Independent mortgage bankers have increasingly been in the news of late. Ten years after the 2008 housing crisis, the strong trends of IMB growth in mortgage lending continue as banks show little sign of reversing their retreat from our mortgage markets.
Community-based IMBs have thrived because they are small businesses, whose owners and employees live and work in the communities where they lend, providing personalized mortgage loan origination and servicing to the borrowers they serve.
At the same time, some parties have raised red flags about whether this IMB market share growth has created an increased risk that we should be concerned about, and whether this could lead to a reduction in the role of IMBs, which have led the way in providing access to mortgage credit for low and moderate income, minority and underserved homebuyers.
As a national association exclusively representing IMBs, the Community Home Lenders Association believes it is important to educate policy makers in the District of Columbia about IMBs to explain why and how IMBs are leading the way in providing access to credit, and to help assess whether their enhanced role poses any real financial, systemic or consumer risk.
CHLA recently published its 2018 Report on IMBs to address these questions.

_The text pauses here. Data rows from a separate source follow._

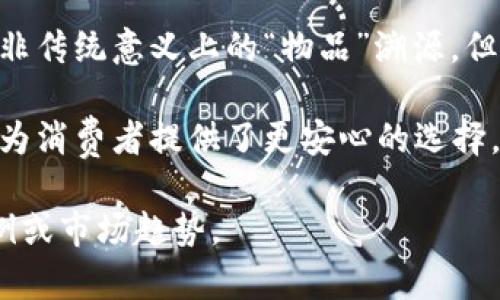 区块链技术因其去中心化、不可篡改的特性，广泛应用于产品溯源领域。以下是一些区块链溯源的主要对象：

### 1. 食品溯源
区块链可以在食品供应链中实时追踪食品的来源、加工和运输过程。例如，有机食品、海鲜、肉类等通过区块链记录从农田到餐桌的每个环节，确保消费者能够获得透明的信息，增强食品安全性。

### 2. 钻石和珠宝
在奢侈品市场中，尤其是钻石和珠宝行业，区块链可以追踪宝石的来源，验证其真实性、稀有性以及伦理采购。这确保消费者购买的珠宝没有与冲突地区的矿产有关联。

### 3. 药品
在制药行业，区块链可以用于药品的溯源，确保合法药物从生产到消费者手中的每个环节都是安全的。这种透明度可以有效打击假药和盗版药品的流通。

### 4. 时尚和服装
时尚行业中的品牌可以利用区块链追踪原材料的来源，确保环保和社会责任。消费者能够了解到购买的服装采用的材料是否可持续且符合道德标准。

### 5. 汽车
在汽车产业中，区块链可以记录汽车的生产、所有权转让和事故历史。这不仅可以提高二手车销售的透明度，还可以减少汽车盗窃现象。

### 6. 电子设备
对电子产品的追踪也越来越受到重视，特别是在手机、电脑等高价值消费品中，消费者希望了解产品的来源和售后服务情况。

### 7. 酒类
高端酒类产品，尤其是葡萄酒与烈酒，常常需要证明其来源的可靠性。区块链可以记录每个生产批次的详细信息，确保产品的真实性。

### 8. 农产品
除了食品，农产品也可以利用区块链进行溯源，从土壤的管理、种子的选择，到收获和运输的每一环节，都可以通过区块链技术得到记录。

### 9. 艺术品
艺术品市场常常面临伪造的风险，区块链为艺术品提供了一个不可篡改的来源记录，确保作品的真伪和历史流转。

### 10. 合同和交易
区块链技术可以用于智能合约的执行和管理，确保交易的透明和安全，虽然这并非传统意义上的“物品”溯源，但在金融交易领域，它的数据追踪同样具有重要意义。

这些领域采用区块链技术进行物品溯源，不仅提高了各行业的透明度和信誉，也为消费者提供了更安心的选择。随着技术的不断演进，预计未来区块链的应用范围将进一步扩展。

如果你对某个特定领域的区块链溯源有深入兴趣，可以进一步探讨相关实施案例或市场趋势。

The report chronicles IMBs’ growth in Federal Housing Administration market share from 57% in 2010 to 85% in 2016, their growth in Ginnie Mae market share from 18% in 2009 to 78% in 2018 and similar though less pronounced trends for Fannie Mae and Freddie Mac.
The CHLA report includes a strong rebuttal of a burgeoning myth spread by some, such as the Brookings Institution in its March report, that IMB growth represents a risk we should be concerned about. IMBs pose almost no taxpayer risk, for the simple fact that unlike banks they are not FDIC-insured. And, the federal mortgage programs IMBs predominately use, such as FHA, have strong underwriting standards and financial oversight.

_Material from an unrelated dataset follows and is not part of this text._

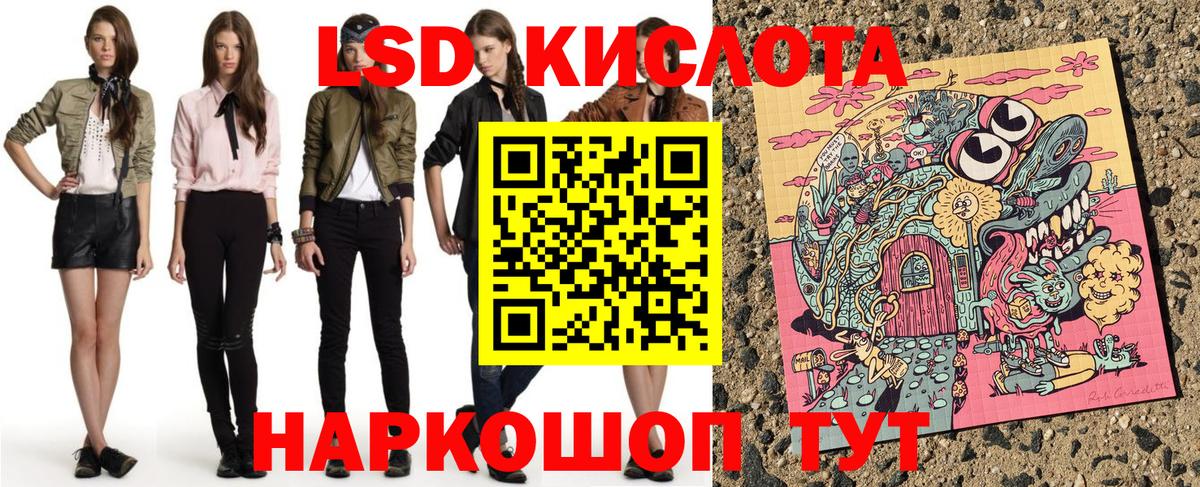 Наркотические марки 1,5мг  Вход с VPN  Скопин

IMBs pose little systemic risk. Except for the half dozen or so largest firms, if one or even a number of IMBs went bust, it would cause barely a ripple.

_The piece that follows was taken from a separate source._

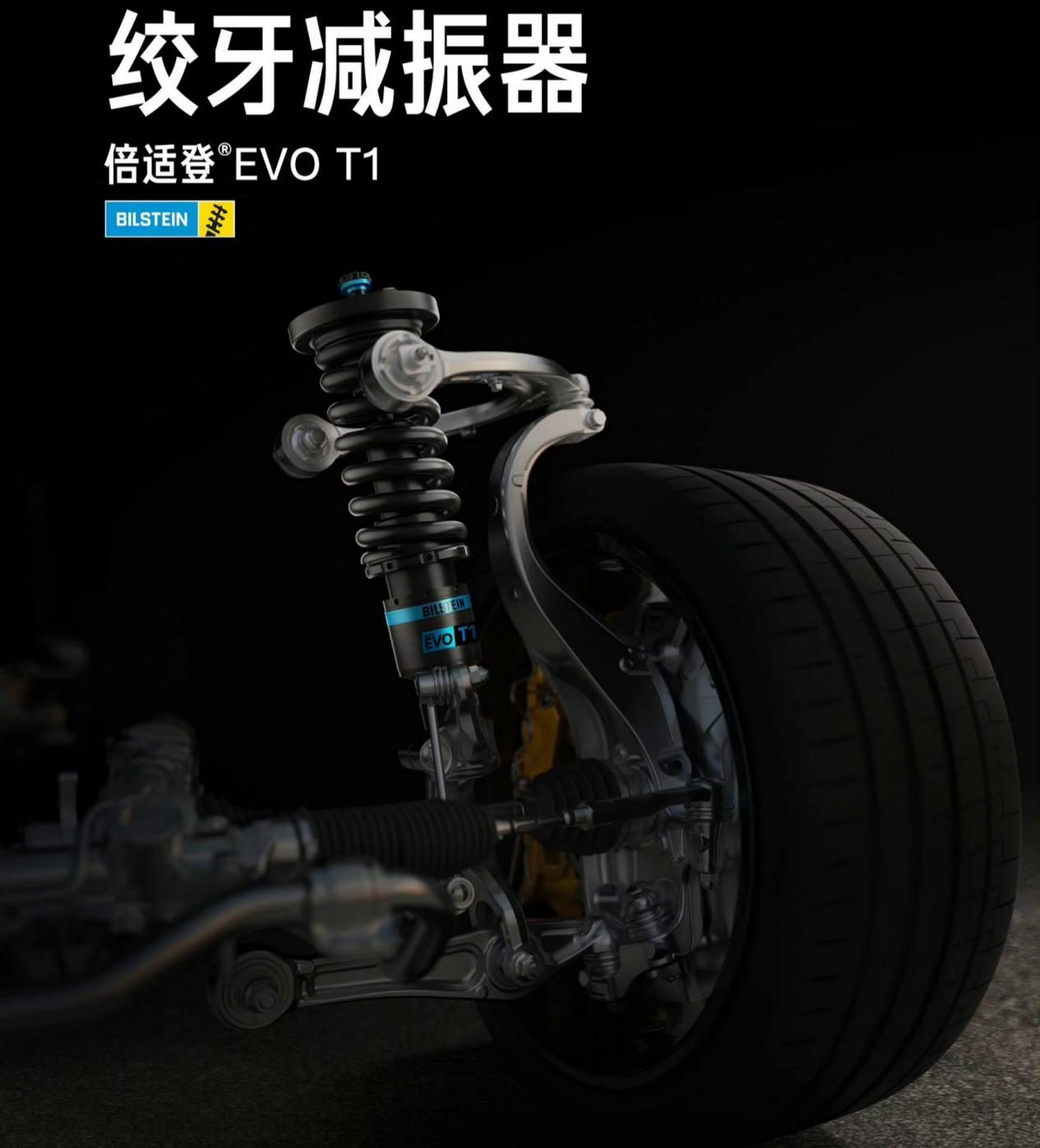 一文读懂小米SU7 Ultra量产车为什么能够成为纽北最速量产电动车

Finally, the CHLA report includes a four-page detailed side-by-side chart comparing mortgage regulation of IMBs and banks. The chart shows what few realize – that IMBs are actually more regulated than banks when it comes to consumer protection.
IMBs must comply with all the same federal rules that banks and all other lenders must follow. But at the point of consumer contact, IMBs are much more stringently regulated. Mortgage loan originators at IMBs must:
1. Pass a SAFE Act test with real teeth and a 30% failure rate
2. Pass an independent background check
3. Complete eight hours of SAFE Act continuing education each year
In contrast, LOs at banks are exempt from all these important SAFE Act requirements. Similarly, 100% of IMBs are subject to Consumer Financial Protection Bureau supervision and enforcement – while 98% of banks are exempt from such oversight.
The same week that this report was issued, CHLA sponsored a roundtable on IMBs for congressional staff, federal agency staffers, and D.C.-based associations and think tanks. We convened representative IMBs, experts in the regulation or supervision of IMBs, and other housing experts. Panelists explained how IMBs do business, how they are extensively regulated, and what risks they pose.
Are IMBs risky? Of course, all firms have some degree of risk. But one thing that our roundtable demonstrated is that one should be skeptical of broad claims, undocumented by the facts, that clearly exaggerate those risks or ignore the many factors, regulations and regulators that constrain those risks.
Finally, let me respond to a perception held by some that because IMBs are not banks, they are not well regulated. I challenge anyone attending the second panel of our CHLA roundtable to make that claim. Our panel brought together experts on the major regulators and supervisors of IMBs – covering state regulation, FHA, Ginnie Mae, Fannie and Freddie.
These experts documented how IMBs are extensively regulated – including net worth requirements, financial penalties for failure to comply with underwriting standards, quality control requirements and oversight, default performance metrics with teeth and many more.
IMBs have a great story to tell. We encourage Washington to listen to that story.